When I was a child I spent a great deal of time at the beach. We would sail in my grandfather’s boat, the “Dixie Flyer” or my parent’s boat, the “La Moette,” to the islands off the Mississippi coast.  Ship Island was where we would go most often. When I need a place to go, when I need to make a mental escape from the world, when I am trying so hard to sleep at night, that is where I go.

I can’t remember the last time I was actually, physically there but I often go there in my mind. And the Ship Island of my mind and heart may or may not be what it was then or what it is now. I only know my reality of it.

I remember playing on the white sand beach for hours on end. I was sun-kissed and happy. My brother and I would dig trenches and have hermit crab races. Of course we would build sandcastles and swim. The water was so clear in those days. We would dive for sand dollars! I remember that.

Sometimes we poured Mountain Dew over the stern of the boat and watch the swarms of catfish the sugary liquid would attract.

Ship Island is unique because in the very middle of the island there is an artesian well with an old pump. After a day of sun and salt, we would run through the sea oats, take turns pumping and allow the fresh, pure water to pour over us. Wonderful!

I recently  took a trip (a mental trip) to Ship Island to see the little girl who was me. I thought I might tell her some things. Instead, she told me.

She runs along the beach, bare feet pound the hard, wet sand. Wet hair slaps her tan shoulders. Her tongue licks the salt and sun from her lips. She runs. She wants to see how fast she can be. Her skinny legs will take her far.  Her skinny legs will move her forward to the future.

But now there is a woman who wants to see her, talk with her and hold her little hands.
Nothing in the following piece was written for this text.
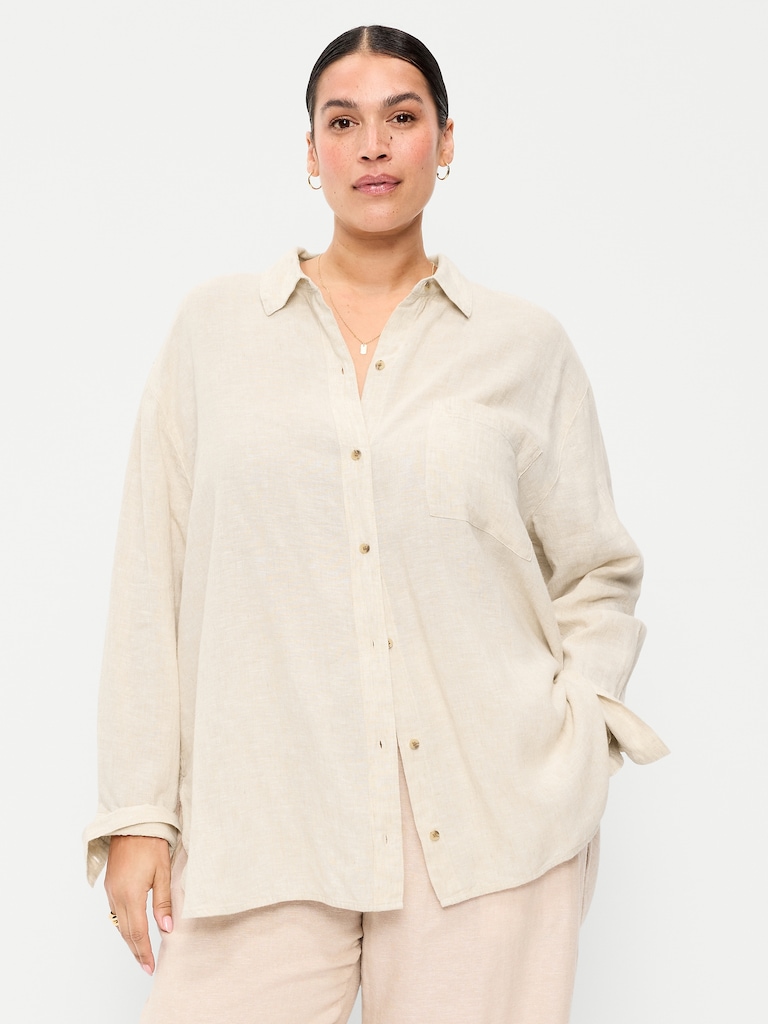 Linen-Blend Loose Button-Down Shirt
That woman is me.

“Be kind to yourself,” the little girl tells me. She smiles.  “Look,” she says, “I swam deep as my brother and got these sand dollars. It’s hard to go that deep,” she says, “but this is what you get for it.”

I love that little girl so much.

She’s not surprised or disturbed by my presence. She is quite accepting that I’m there. In fact, she acts like I am always there with her—a companion, of sorts. She is astounding. She flits here and there. Digs in the sand for a while. Runs through the sea oats stopping to watch a flock of seagulls.  She finds a stick to write her name in the sand. My name. She writes it big and proud then adds a heart at the end. Drags the stick. Drops it. Runs, then wades, then swims to the boat for lunch. Sandwiches, Barq’s root beer, cold watermelon. I stand on the beach alone. She looks up and waves.
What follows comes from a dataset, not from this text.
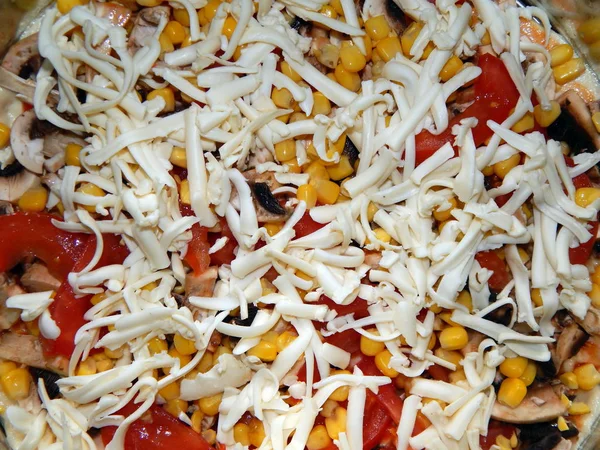 Cozinhar Alimentos Ingredientes Alimentares Pizza — Fotografia de Stock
I have nothing to tell her. Her life will be good and sweet. It will be bitter. She’ll have long stretches of sunny days. She’ll have sadness and anger that seems unending. But the sadness will end to be replaced by more sunshine and calm. Back and forth, her life will go. Like any life. Like everyone to different degrees. That’s ok. She’s telling me the same thing. Be kind to yourself. Smile a lot. Look at the sand dollars and seagulls. Be kind to yourself. Forgive yourself. The rest will follow.

“Be kind to yourself,” she tells me.